* Work order *
The word to look for is "Skoda". Report every line of the entries below that has it.

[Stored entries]
──────────
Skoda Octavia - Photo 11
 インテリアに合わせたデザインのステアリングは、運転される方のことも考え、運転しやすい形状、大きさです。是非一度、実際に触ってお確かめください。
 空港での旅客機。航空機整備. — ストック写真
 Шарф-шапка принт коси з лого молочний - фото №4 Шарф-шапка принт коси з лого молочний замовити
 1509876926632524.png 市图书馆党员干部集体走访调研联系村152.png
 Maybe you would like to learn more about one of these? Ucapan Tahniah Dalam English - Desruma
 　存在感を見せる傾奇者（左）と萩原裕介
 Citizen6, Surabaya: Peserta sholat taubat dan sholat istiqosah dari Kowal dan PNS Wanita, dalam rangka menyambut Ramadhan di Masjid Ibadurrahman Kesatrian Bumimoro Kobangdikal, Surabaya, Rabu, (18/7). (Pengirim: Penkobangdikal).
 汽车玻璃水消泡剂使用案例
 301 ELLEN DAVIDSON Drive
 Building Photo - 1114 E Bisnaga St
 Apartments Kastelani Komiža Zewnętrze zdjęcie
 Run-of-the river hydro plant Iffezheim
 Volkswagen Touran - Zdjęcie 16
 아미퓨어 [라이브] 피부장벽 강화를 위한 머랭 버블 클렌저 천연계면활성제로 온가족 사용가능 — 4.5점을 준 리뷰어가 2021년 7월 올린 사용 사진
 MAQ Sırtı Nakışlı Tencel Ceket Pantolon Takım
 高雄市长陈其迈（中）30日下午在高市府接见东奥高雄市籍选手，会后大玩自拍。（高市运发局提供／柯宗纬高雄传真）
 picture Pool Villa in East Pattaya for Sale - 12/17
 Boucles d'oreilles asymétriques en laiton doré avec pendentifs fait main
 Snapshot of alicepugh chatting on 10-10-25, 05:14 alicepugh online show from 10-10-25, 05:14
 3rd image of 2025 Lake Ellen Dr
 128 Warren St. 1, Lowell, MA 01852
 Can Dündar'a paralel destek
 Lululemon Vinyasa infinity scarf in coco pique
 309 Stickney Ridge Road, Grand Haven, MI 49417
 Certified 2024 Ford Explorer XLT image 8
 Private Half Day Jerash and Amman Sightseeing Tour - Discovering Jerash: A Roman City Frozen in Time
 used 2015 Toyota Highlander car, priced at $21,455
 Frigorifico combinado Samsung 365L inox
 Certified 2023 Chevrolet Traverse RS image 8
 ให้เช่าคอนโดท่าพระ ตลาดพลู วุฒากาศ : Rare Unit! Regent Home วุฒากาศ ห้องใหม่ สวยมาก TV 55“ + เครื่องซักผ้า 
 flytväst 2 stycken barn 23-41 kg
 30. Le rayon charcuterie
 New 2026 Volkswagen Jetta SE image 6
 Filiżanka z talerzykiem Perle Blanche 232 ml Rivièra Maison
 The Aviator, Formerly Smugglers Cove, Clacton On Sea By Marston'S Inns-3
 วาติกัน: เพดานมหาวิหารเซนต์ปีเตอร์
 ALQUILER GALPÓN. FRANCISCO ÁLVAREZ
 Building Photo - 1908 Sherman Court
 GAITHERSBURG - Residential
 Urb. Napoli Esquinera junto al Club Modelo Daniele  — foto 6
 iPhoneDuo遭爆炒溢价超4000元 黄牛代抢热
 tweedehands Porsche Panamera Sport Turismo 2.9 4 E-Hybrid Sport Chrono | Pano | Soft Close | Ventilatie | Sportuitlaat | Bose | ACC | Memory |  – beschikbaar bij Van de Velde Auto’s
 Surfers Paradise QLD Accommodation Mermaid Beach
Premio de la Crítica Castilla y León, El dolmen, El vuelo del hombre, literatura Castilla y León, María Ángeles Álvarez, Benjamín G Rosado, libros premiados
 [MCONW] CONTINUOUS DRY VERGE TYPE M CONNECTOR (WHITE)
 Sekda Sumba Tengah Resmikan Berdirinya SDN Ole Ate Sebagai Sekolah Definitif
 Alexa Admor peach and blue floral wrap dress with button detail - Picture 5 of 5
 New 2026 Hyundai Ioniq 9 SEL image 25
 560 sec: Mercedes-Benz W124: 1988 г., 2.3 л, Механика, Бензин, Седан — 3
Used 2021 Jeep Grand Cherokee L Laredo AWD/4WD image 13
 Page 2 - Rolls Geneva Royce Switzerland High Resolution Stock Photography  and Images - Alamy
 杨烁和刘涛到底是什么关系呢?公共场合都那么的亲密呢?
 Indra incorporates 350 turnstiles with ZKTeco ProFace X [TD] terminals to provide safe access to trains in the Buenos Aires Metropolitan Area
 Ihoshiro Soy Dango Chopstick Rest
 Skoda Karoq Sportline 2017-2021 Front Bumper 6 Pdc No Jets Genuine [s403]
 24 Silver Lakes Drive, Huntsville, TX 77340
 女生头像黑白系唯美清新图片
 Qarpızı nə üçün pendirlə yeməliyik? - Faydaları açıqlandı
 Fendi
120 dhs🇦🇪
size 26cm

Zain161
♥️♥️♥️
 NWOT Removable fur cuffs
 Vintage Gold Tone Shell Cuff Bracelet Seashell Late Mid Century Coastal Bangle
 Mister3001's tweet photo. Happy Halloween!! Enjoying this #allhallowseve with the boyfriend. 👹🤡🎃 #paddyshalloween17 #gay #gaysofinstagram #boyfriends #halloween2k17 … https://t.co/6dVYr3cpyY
──────────
* Final answer *
Skoda Octavia - Photo 11
 Skoda Karoq Sportline 2017-2021 Front Bumper 6 Pdc No Jets Genuine [s403]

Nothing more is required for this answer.